_TASK TO COMPLETE_
Write out the entries below once more, exactly.

-*-*-

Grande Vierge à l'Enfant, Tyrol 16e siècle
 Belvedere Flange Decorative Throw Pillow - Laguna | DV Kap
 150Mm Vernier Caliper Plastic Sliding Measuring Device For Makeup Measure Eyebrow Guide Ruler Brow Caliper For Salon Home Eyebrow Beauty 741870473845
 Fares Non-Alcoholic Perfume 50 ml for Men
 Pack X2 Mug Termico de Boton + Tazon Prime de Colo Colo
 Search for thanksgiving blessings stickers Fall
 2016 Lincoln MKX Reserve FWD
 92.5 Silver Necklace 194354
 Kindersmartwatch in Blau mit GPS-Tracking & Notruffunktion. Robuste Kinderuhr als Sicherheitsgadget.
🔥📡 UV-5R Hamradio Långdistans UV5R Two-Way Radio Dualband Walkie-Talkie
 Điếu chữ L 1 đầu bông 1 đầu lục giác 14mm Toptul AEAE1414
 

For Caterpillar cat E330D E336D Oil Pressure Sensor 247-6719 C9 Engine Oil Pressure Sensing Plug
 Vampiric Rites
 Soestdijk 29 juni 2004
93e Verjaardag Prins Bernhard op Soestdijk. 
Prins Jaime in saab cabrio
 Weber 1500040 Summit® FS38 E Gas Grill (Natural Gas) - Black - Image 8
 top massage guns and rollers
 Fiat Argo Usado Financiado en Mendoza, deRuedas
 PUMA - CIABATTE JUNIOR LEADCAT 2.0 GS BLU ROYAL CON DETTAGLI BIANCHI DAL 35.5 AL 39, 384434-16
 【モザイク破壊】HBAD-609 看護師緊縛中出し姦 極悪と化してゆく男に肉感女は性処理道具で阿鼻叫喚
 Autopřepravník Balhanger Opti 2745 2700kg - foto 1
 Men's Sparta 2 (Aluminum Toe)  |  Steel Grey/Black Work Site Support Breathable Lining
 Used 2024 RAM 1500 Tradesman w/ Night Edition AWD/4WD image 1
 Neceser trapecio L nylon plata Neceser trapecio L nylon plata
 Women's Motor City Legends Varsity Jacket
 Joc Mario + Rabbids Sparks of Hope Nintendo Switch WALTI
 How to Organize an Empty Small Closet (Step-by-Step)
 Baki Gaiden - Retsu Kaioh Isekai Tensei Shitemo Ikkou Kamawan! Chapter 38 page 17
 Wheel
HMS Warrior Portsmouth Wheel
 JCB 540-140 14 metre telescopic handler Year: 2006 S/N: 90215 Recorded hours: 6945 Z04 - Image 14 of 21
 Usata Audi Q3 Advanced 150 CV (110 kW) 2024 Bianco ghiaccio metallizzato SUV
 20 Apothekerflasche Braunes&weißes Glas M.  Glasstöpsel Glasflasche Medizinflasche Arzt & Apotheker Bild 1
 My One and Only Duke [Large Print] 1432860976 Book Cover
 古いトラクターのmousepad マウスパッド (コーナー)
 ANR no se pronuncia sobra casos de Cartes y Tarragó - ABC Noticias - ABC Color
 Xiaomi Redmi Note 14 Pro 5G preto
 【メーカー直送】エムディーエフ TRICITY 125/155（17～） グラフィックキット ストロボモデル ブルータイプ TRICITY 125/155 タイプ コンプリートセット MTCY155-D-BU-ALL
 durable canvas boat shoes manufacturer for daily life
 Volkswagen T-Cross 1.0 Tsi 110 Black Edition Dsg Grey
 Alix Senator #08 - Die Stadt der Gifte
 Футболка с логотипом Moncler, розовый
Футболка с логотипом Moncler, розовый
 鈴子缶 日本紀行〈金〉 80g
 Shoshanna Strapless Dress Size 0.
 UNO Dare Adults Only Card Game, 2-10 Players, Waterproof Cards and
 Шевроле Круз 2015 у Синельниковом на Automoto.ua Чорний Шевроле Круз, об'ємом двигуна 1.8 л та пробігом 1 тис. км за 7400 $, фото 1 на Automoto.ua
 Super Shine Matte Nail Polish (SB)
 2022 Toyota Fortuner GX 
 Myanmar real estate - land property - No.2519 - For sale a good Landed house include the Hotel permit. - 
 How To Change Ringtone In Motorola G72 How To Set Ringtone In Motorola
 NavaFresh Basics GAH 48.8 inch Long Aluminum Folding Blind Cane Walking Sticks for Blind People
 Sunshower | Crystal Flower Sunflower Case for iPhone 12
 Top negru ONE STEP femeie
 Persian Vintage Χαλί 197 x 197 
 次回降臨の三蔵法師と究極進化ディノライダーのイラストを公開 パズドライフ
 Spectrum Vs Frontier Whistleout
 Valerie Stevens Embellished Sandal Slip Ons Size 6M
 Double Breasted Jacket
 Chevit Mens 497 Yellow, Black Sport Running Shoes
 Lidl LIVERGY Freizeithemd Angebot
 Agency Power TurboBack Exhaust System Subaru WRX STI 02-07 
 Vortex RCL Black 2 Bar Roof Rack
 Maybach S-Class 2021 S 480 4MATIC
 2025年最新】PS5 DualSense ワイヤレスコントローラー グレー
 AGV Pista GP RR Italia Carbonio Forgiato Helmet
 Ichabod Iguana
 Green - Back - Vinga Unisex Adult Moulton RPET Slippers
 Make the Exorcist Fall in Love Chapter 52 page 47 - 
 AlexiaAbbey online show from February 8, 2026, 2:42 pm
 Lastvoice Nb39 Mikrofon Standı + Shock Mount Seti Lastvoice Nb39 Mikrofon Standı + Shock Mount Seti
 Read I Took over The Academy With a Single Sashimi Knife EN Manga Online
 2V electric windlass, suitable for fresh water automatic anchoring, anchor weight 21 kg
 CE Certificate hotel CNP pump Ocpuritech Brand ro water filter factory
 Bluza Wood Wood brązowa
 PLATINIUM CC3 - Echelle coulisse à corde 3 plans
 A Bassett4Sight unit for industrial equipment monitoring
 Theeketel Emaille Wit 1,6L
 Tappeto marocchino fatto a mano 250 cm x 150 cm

-*-*-

_YOUR RESPONSE_
Grande Vierge à l'Enfant, Tyrol 16e siècle
 Belvedere Flange Decorative Throw Pillow - Laguna | DV Kap
 150Mm Vernier Caliper Plastic Sliding Measuring Device For Makeup Measure Eyebrow Guide Ruler Brow Caliper For Salon Home Eyebrow Beauty 741870473845
 Fares Non-Alcoholic Perfume 50 ml for Men
 Pack X2 Mug Termico de Boton + Tazon Prime de Colo Colo
 Search for thanksgiving blessings stickers Fall
 2016 Lincoln MKX Reserve FWD
 92.5 Silver Necklace 194354
 Kindersmartwatch in Blau mit GPS-Tracking & Notruffunktion. Robuste Kinderuhr als Sicherheitsgadget.
🔥📡 UV-5R Hamradio Långdistans UV5R Two-Way Radio Dualband Walkie-Talkie
 Điếu chữ L 1 đầu bông 1 đầu lục giác 14mm Toptul AEAE1414
 

For Caterpillar cat E330D E336D Oil Pressure Sensor 247-6719 C9 Engine Oil Pressure Sensing Plug
 Vampiric Rites
 Soestdijk 29 juni 2004
93e Verjaardag Prins Bernhard op Soestdijk. 
Prins Jaime in saab cabrio
 Weber 1500040 Summit® FS38 E Gas Grill (Natural Gas) - Black - Image 8
 top massage guns and rollers
 Fiat Argo Usado Financiado en Mendoza, deRuedas
 PUMA - CIABATTE JUNIOR LEADCAT 2.0 GS BLU ROYAL CON DETTAGLI BIANCHI DAL 35.5 AL 39, 384434-16
 【モザイク破壊】HBAD-609 看護師緊縛中出し姦 極悪と化してゆく男に肉感女は性処理道具で阿鼻叫喚
 Autopřepravník Balhanger Opti 2745 2700kg - foto 1
 Men's Sparta 2 (Aluminum Toe)  |  Steel Grey/Black Work Site Support Breathable Lining
 Used 2024 RAM 1500 Tradesman w/ Night Edition AWD/4WD image 1
 Neceser trapecio L nylon plata Neceser trapecio L nylon plata
 Women's Motor City Legends Varsity Jacket
 Joc Mario + Rabbids Sparks of Hope Nintendo Switch WALTI
 How to Organize an Empty Small Closet (Step-by-Step)
 Baki Gaiden - Retsu Kaioh Isekai Tensei Shitemo Ikkou Kamawan! Chapter 38 page 17
 Wheel
HMS Warrior Portsmouth Wheel
 JCB 540-140 14 metre telescopic handler Year: 2006 S/N: 90215 Recorded hours: 6945 Z04 - Image 14 of 21
 Usata Audi Q3 Advanced 150 CV (110 kW) 2024 Bianco ghiaccio metallizzato SUV
 20 Apothekerflasche Braunes&weißes Glas M.  Glasstöpsel Glasflasche Medizinflasche Arzt & Apotheker Bild 1
 My One and Only Duke [Large Print] 1432860976 Book Cover
 古いトラクターのmousepad マウスパッド (コーナー)
 ANR no se pronuncia sobra casos de Cartes y Tarragó - ABC Noticias - ABC Color
 Xiaomi Redmi Note 14 Pro 5G preto
 【メーカー直送】エムディーエフ TRICITY 125/155（17～） グラフィックキット ストロボモデル ブルータイプ TRICITY 125/155 タイプ コンプリートセット MTCY155-D-BU-ALL
 durable canvas boat shoes manufacturer for daily life
 Volkswagen T-Cross 1.0 Tsi 110 Black Edition Dsg Grey
 Alix Senator #08 - Die Stadt der Gifte
 Футболка с логотипом Moncler, розовый
Футболка с логотипом Moncler, розовый
 鈴子缶 日本紀行〈金〉 80g
 Shoshanna Strapless Dress Size 0.
 UNO Dare Adults Only Card Game, 2-10 Players, Waterproof Cards and
 Шевроле Круз 2015 у Синельниковом на Automoto.ua Чорний Шевроле Круз, об'ємом двигуна 1.8 л та пробігом 1 тис. км за 7400 $, фото 1 на Automoto.ua
 Super Shine Matte Nail Polish (SB)
 2022 Toyota Fortuner GX 
 Myanmar real estate - land property - No.2519 - For sale a good Landed house include the Hotel permit. - 
 How To Change Ringtone In Motorola G72 How To Set Ringtone In Motorola
 NavaFresh Basics GAH 48.8 inch Long Aluminum Folding Blind Cane Walking Sticks for Blind People
 Sunshower | Crystal Flower Sunflower Case for iPhone 12
 Top negru ONE STEP femeie
 Persian Vintage Χαλί 197 x 197 
 次回降臨の三蔵法師と究極進化ディノライダーのイラストを公開 パズドライフ
 Spectrum Vs Frontier Whistleout
 Valerie Stevens Embellished Sandal Slip Ons Size 6M
 Double Breasted Jacket
 Chevit Mens 497 Yellow, Black Sport Running Shoes
 Lidl LIVERGY Freizeithemd Angebot
 Agency Power TurboBack Exhaust System Subaru WRX STI 02-07 
 Vortex RCL Black 2 Bar Roof Rack
 Maybach S-Class 2021 S 480 4MATIC
 2025年最新】PS5 DualSense ワイヤレスコントローラー グレー
 AGV Pista GP RR Italia Carbonio Forgiato Helmet
 Ichabod Iguana
 Green - Back - Vinga Unisex Adult Moulton RPET Slippers
 Make the Exorcist Fall in Love Chapter 52 page 47 - 
 AlexiaAbbey online show from February 8, 2026, 2:42 pm
 Lastvoice Nb39 Mikrofon Standı + Shock Mount Seti Lastvoice Nb39 Mikrofon Standı + Shock Mount Seti
 Read I Took over The Academy With a Single Sashimi Knife EN Manga Online
 2V electric windlass, suitable for fresh water automatic anchoring, anchor weight 21 kg
 CE Certificate hotel CNP pump Ocpuritech Brand ro water filter factory
 Bluza Wood Wood brązowa
 PLATINIUM CC3 - Echelle coulisse à corde 3 plans
 A Bassett4Sight unit for industrial equipment monitoring
 Theeketel Emaille Wit 1,6L
 Tappeto marocchino fatto a mano 250 cm x 150 cm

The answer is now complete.